Umetsu Sarah E, Shafizadeh Nafis, Kakar Sanjay
Department of Pathology, University of California, San Francisco, San Francisco, CA, USA 94143.
Kaiser Permanente, Woodland Hills, CA 91367, USA.
Hum Pathol. 2017 Nov;69:81-89. doi: 10.1016/j.humpath.2017.09.005. Epub 2017 Sep 29.
The grading and staging of appendiceal mucinous neoplasms is challenging and fraught with terminology problems, but has critical prognostic and therapeutic implications. We utilized a small case series to examine the grading and staging systems of appendiceal mucinous neoplasms and outline the evidence for the new systems proposed in the upcoming 8th edition of the American Joint Committee on Cancer (AJCC) Staging Manual. We reviewed 33 cases of appendiceal mucinous neoplasms with available clinical follow-up data, 6 of which were widely disseminated in the peritoneum. An additional 4 cases with disseminated peritoneal involvement were also reviewed. A detailed review of the literature was performed with an emphasis on features associated with disease recurrence and correlation of grade with outcome. Recurrence was not seen in 64 low-grade appendiceal mucinous neoplasms (LAMNs) confined to the muscularis propria in our series (n=21) or in the literature (n=43). Of cases of LAMN with neoplastic epithelium present beyond the muscularis propria, 64% (57/89) had peritoneal disease at the time of diagnosis or follow-up. A majority of studies of disseminated appendiceal mucinous neoplasms showed significant five-year survival differences using a three-tier grading scheme. Thus, LAMNs confined to the muscularis propria are best considered as in situ tumors, as these are cured with complete excision. A three-tier system has prognostic significance and should be used for grading of disseminated appendiceal mucinous neoplasms. The conclusions of this case series and literature review provide evidence to support the changes proposed in the 8th edition of the AJCC Staging Manual.
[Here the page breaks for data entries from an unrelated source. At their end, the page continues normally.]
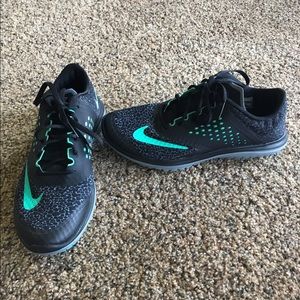 🔥1 hour sale!🔥 Black and blue Nike running shoes
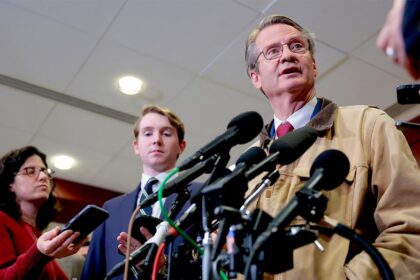 Burchett tells Ruthless more UFO videos to come
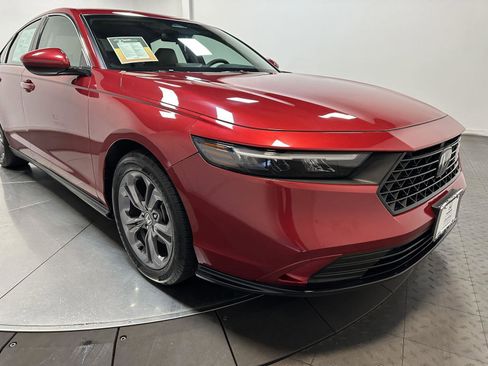 Certified 2023 Honda Accord EX image 3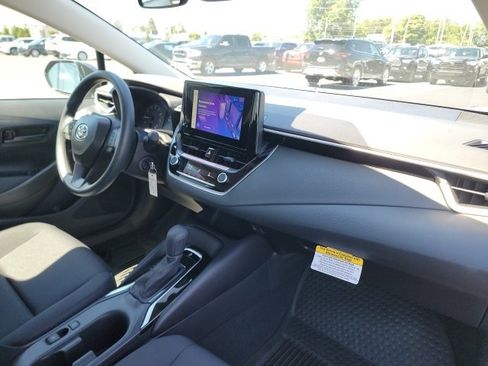 New 2025 Toyota Corolla LE image 15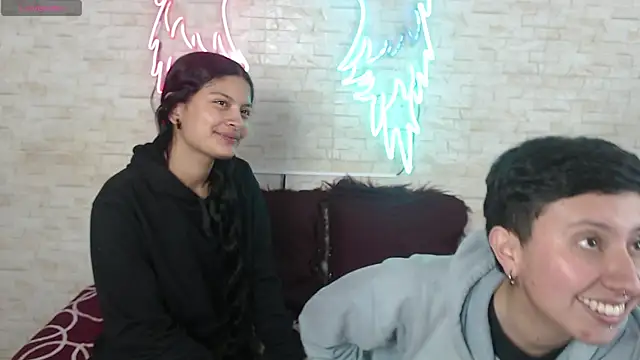 Gaby and Mei online show from October 21, 3:32 am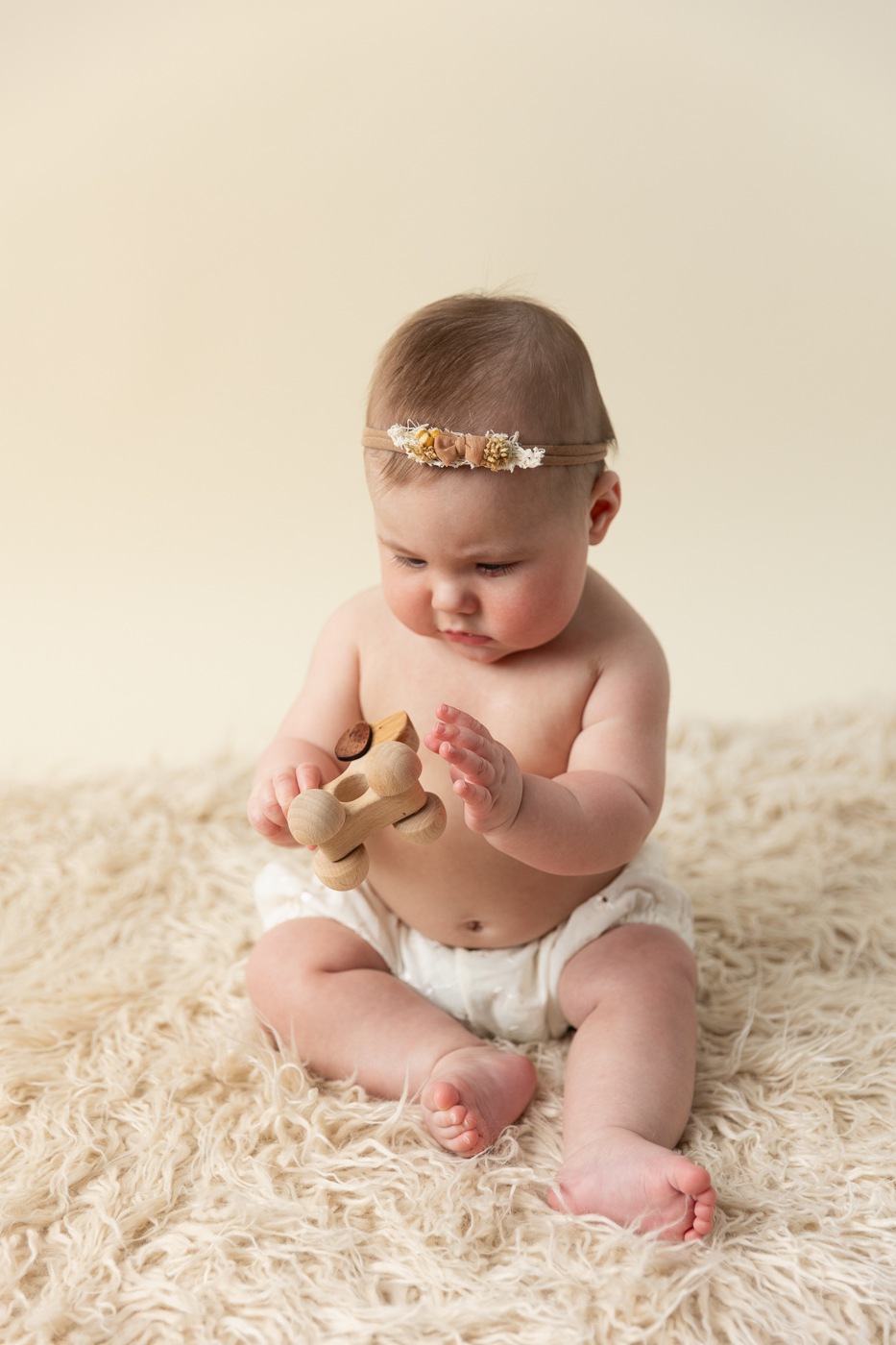 Photographe bébé à Montréal. Photographe bébé six mois Montréal. Séance photo milestone à Montréal. Montreal baby photographer. Montreal six month old baby photographer. Montreal milestone session.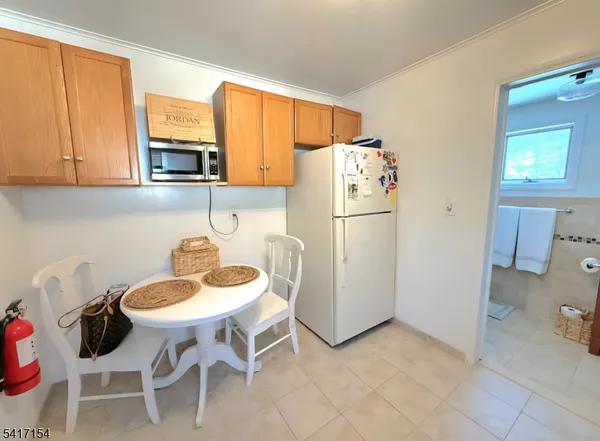 $2,100 | 56 Martin Road, Verona, NJ 07044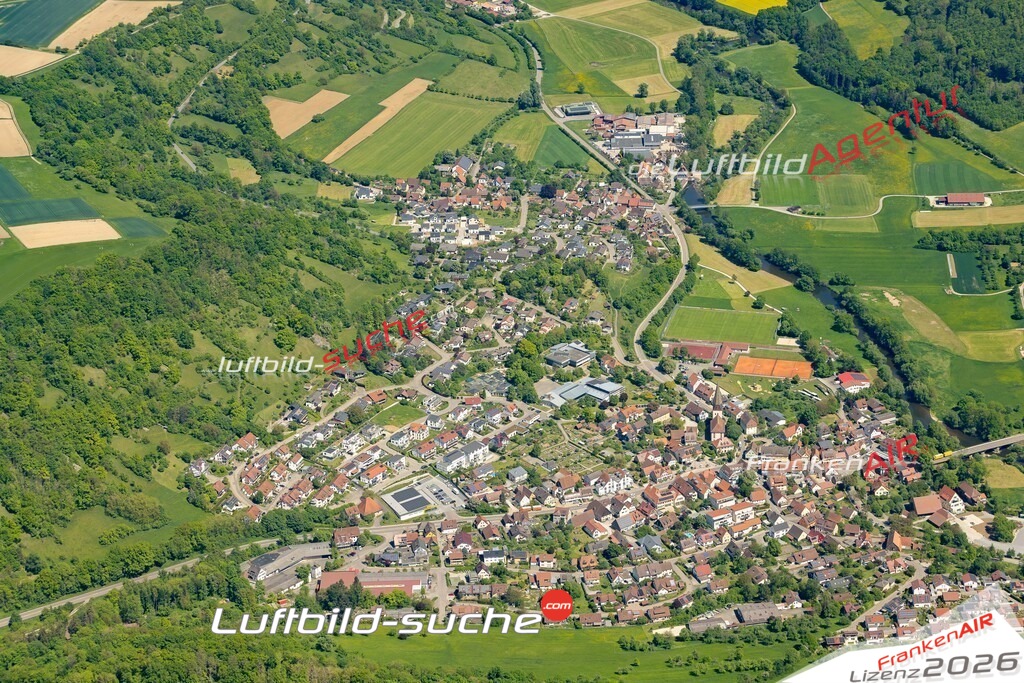 Luftaufnahme der Stadt Untermünkheim - Die Luftaufnahme wurde 2025 vom UL-Flugzeug heraus erstellt ( keine Drohne ) - Hochauflösende Luftaufnahme - für professionelle Ausdrucke geeignet. Die Geschenkidee !Mit Lizenz und Bildrechte bestellbar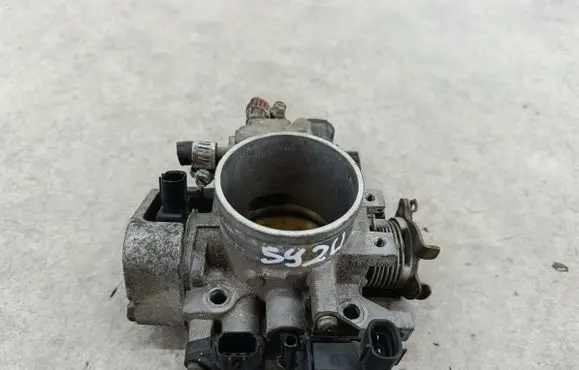 Honda CR-V Throttle body valve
阑尾黏液性肿瘤的分级和分期颇具挑战性且存在诸多术语问题,但对预后和治疗具有关键意义。我们利用一个小病例系列来研究阑尾黏液性肿瘤的分级和分期系统,并概述即将出版的第8版美国癌症联合委员会(AJCC)分期手册中提出的新系统的依据。我们回顾了33例有可用临床随访数据的阑尾黏液性肿瘤病例,其中6例在腹膜广泛播散。另外还回顾了4例有腹膜播散累及的病例。对文献进行了详细回顾,重点关注与疾病复发相关的特征以及分级与预后的相关性。在我们的系列研究(n = 21)或文献(n = 43)中,64例局限于固有肌层的低级别阑尾黏液性肿瘤(LAMN)均未出现复发。在肿瘤上皮超出固有肌层的LAMN病例中,64%(57/89)在诊断或随访时出现腹膜疾病。大多数关于播散性阑尾黏液性肿瘤的研究表明,使用三级分级方案时五年生存率存在显著差异。因此,局限于固有肌层的LAMN最好被视为原位肿瘤,因为完整切除可治愈这些肿瘤。三级系统具有预后意义,应被用于播散性阑尾黏液性肿瘤的分级。这个病例系列和文献回顾的结论为支持AJCC分期手册第8版中提出的变化提供了证据。